Please transcribe the listing below with every word intact.
======== Data for review ========
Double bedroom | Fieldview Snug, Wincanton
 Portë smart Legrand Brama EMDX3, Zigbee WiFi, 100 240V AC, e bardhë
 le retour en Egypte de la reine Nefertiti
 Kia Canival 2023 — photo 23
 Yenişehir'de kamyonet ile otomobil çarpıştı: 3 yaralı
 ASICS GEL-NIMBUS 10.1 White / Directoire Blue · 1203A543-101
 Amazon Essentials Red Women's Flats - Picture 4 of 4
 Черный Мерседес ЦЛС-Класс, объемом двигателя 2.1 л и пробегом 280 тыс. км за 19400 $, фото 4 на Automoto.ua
========
Task result.
Double bedroom | Fieldview Snug, Wincanton
 Portë smart Legrand Brama EMDX3, Zigbee WiFi, 100 240V AC, e bardhë
 le retour en Egypte de la reine Nefertiti
 Kia Canival 2023 — photo 23
 Yenişehir'de kamyonet ile otomobil çarpıştı: 3 yaralı
 ASICS GEL-NIMBUS 10.1 White / Directoire Blue · 1203A543-101
 Amazon Essentials Red Women's Flats - Picture 4 of 4
 Черный Мерседес ЦЛС-Класс, объемом двигателя 2.1 л и пробегом 280 тыс. км за 19400 $, фото 4 на Automoto.ua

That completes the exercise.